Imagine Schrödinger’s Sim: He is penned in a world you have created, a world filled with dangers that may or may not kill him. You walk away from your computer to make some Kraft Dinner—the radioactive orange kind, accept no substitutes. While you munch away on your macaroni-and-cheese-like product, your Sim is either alive or dead. You can’t be sure. But until you return to your computer, he is not conclusively dead. So do you go back? If you do and find him to be dead, has your return not killed the Sim?

Death and technology—gaming included—now interact in all sorts of strange ways. It’s tempting to see these interactions as edge cases, which surely some of them are. But death and technology overlap in too many ways for that to be a particularly satisfying explanation.
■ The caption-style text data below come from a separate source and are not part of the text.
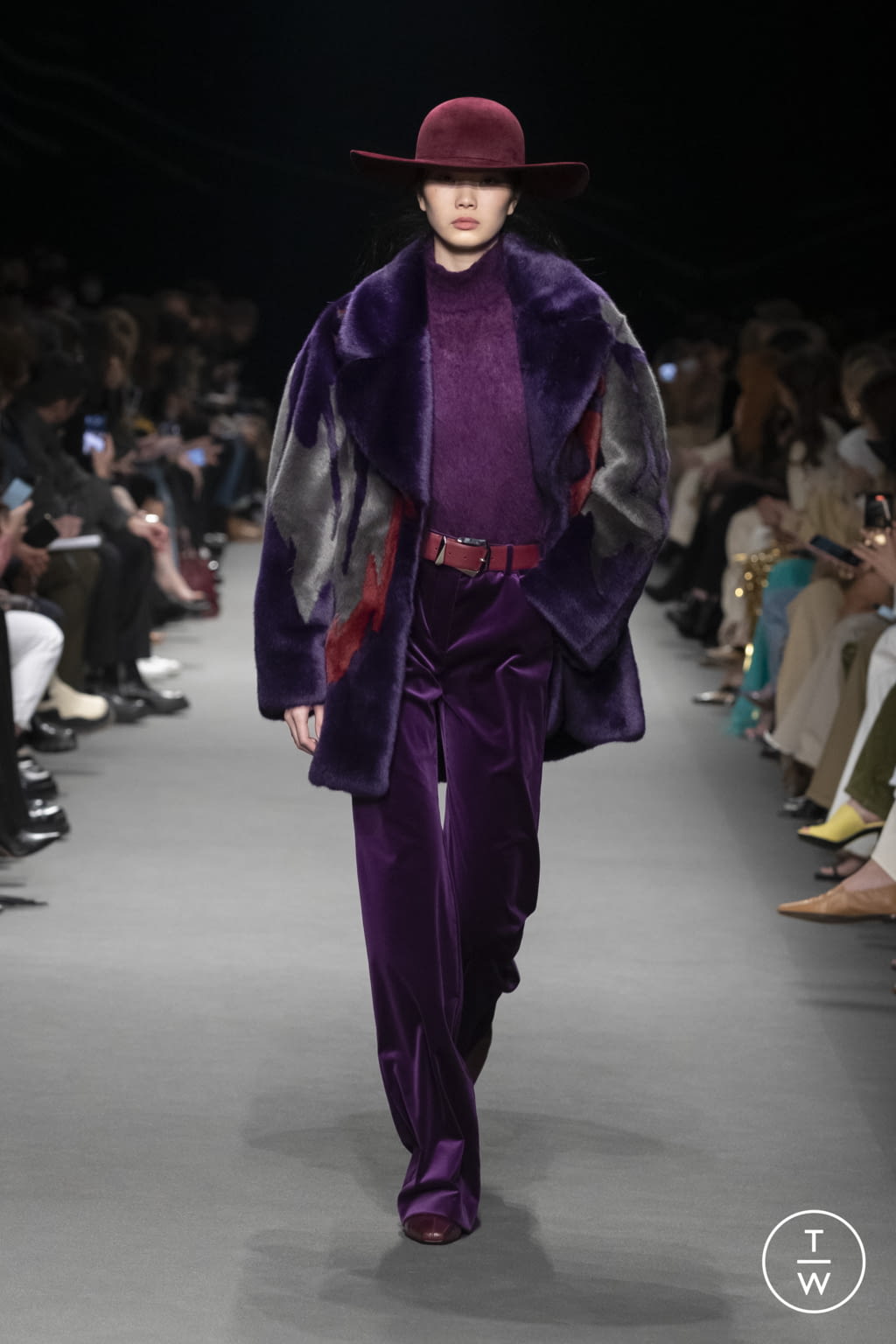 Fashion Week Milan Fall/Winter 2022 look 4 de la collection Alberta Ferretti womenswear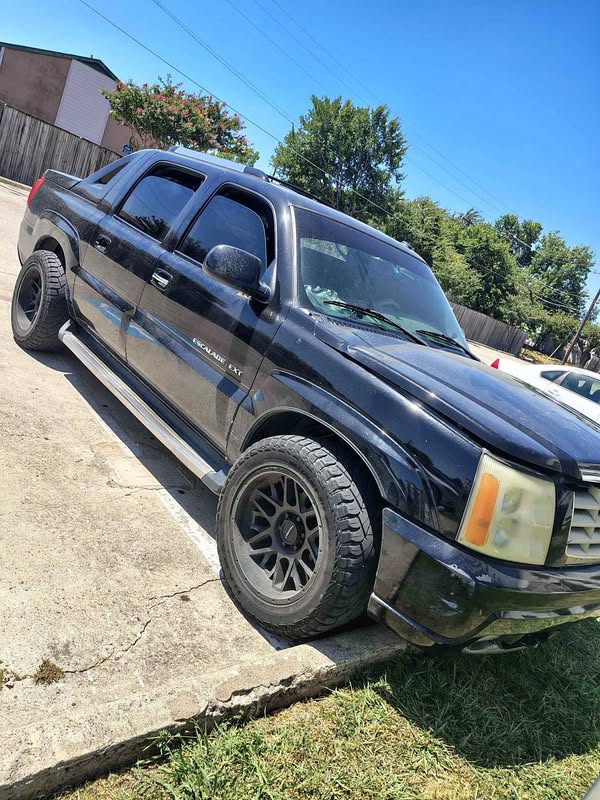 2002 Cadillac Escalade EXT - Luxury Sport Utility Pickup 4D 5 1\/4 ft
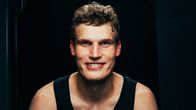 Lauri Markkanen poseeraa kameralle.
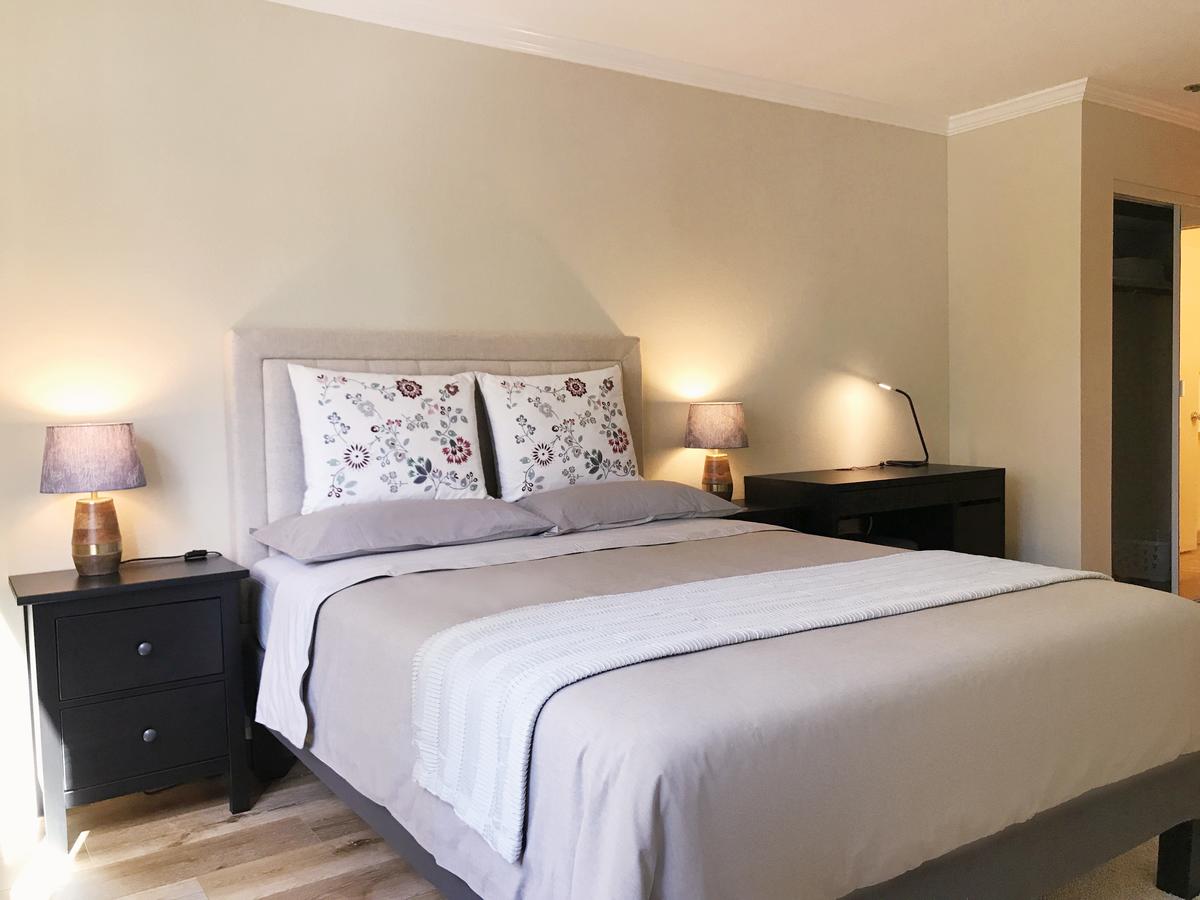 Spacious Apartment In Westwood UCLA B7 - thumb 9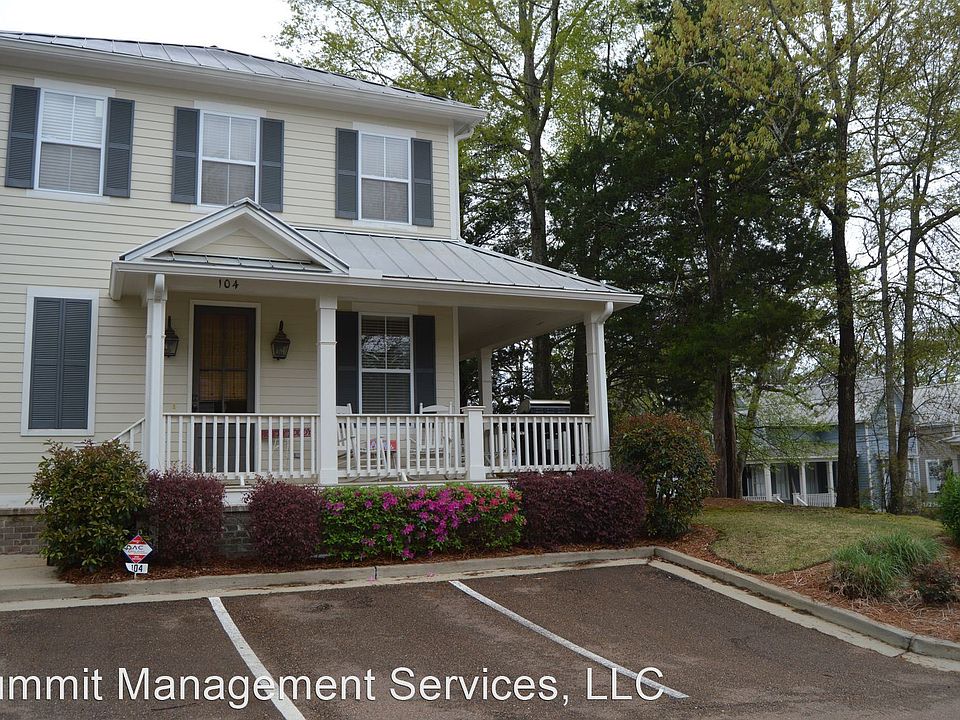 1st image of 104 Tanglewood Dr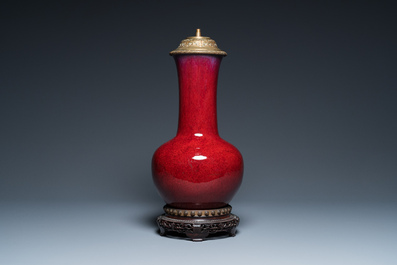 Vase de forme bouteille en porcelaine de Chine &agrave; &eacute;mail flamb&eacute; mont&eacute; en lampe, 19&egrave;me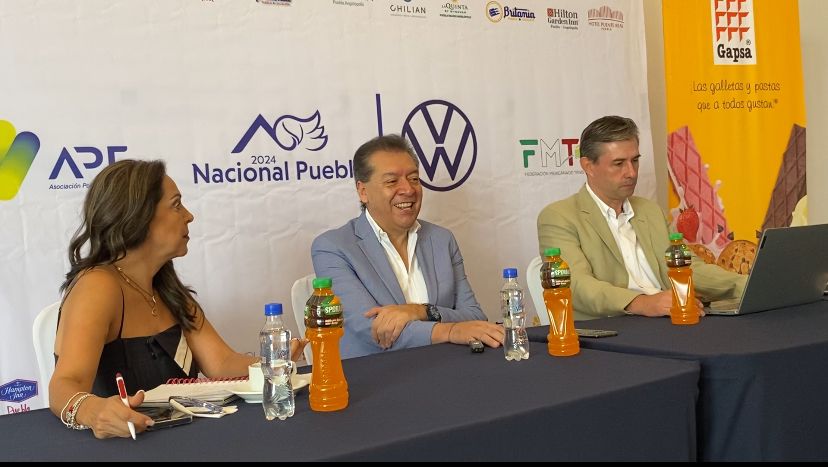 La ciudad de Puebla se alista para recibir a más de 500 tenistas en el esperado Torneo Nacional Infantil-Juvenil 2024, que se llevará a cabo del 22 al 27 de julio. En una rueda de prensa celebrada este martes, representantes de la Asociación Poblana de Tenis compartieron su entusiasmo y las expectativas de un evento que promete ser uno de los más importantes del calendario tenístico nacional.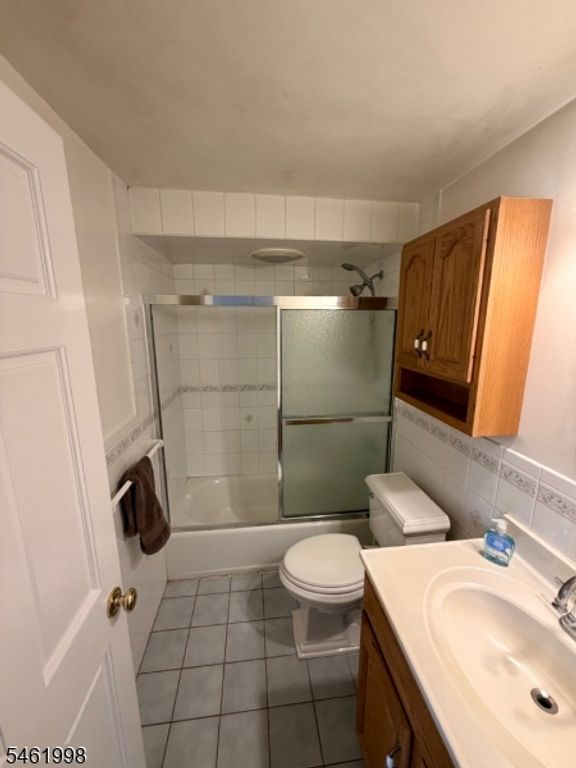 Image 13 of property listing at 206 Delacy Dr, North Plainfield Boro, NJ 07060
These issues inform Memory Burn, an exhibit at New York City’s bitforms gallery that is running until August 16, 2015, and purports to “observes mortality and death in relation to recording devices.” (Disclosure: The exhibit’s curator, Chris Romero, is a former Kill Screen intern.)

Four of the exhibit’s entries—Angela Washko’s “Womanhouse” “Disposable Muses”  “You’re Either In Or Out” and “At The Expense of Watching”—turn The Sims into a series of macabre social experiments. As part of Washko’s “Free Will Mode” video series, these entries reimagine the architecture of The Sims so that it is hostile to the existence of avatars: rooms cease to have doors; swimming pools become inescapable prisons.

Battle Royale against the built environment. 

The avatars, unlike actual humans, accept this state of affairs. In Washko’s videos, they go about their lives, and do normal human-slash-avatar things, even if the world they exist is conspiring to kill them. Washko writes that these avatars “expose a greater cultural phenomenon within people- the extent to which we accept the hand we’ve been dealt (architecturally, politically, socially, economically).” To the extent that it is a simulation, you can think of it as Battle Royale against the built environment.

Not all of Memory Burn’s entries touch on gaming. Two entries from Andrea Wolf’s “Unsolicited Memories, Archival Exercises” series project found footage onto Plexiglas cubes that flicker on and off, the loss and rediscovery of memory becomes a story unto itself. In a similar sense, Rafael Lozano-Hemmer’s “Level of Confidence” is so close yet so far away. It uses police facial recognition algorithms to match the viewer’s face with the 43 victims of the 2014 Iguala mass kidnapping. The algorithm will not produce matches because the students Raúl Isidro Burgos Rural Teachers’ College of Ayotzinapa are believed to have been massacred, but its continual operation keeps the search alive. Lozanno-Hemmer has open-sourced the project and suggests that other use cases could include “someone who trains the algorithms with images from missing aboriginal women in Canada.” Sadly, the potential uses of this installation abound.

While the entries in Memory Burn blur the line between digital and physical death to interesting effect, it’s not as if the two are entirely separated anyhow. When you die, what becomes of your digital footprint, of the memories it encompasses? This is now an actual estate-planning question. As you might imagine, creepy startups are on the case. The world Memory Burn imagines, where memories of the deceased are repurposed as installations—often as a way of extending their lives—is rapidly approaching.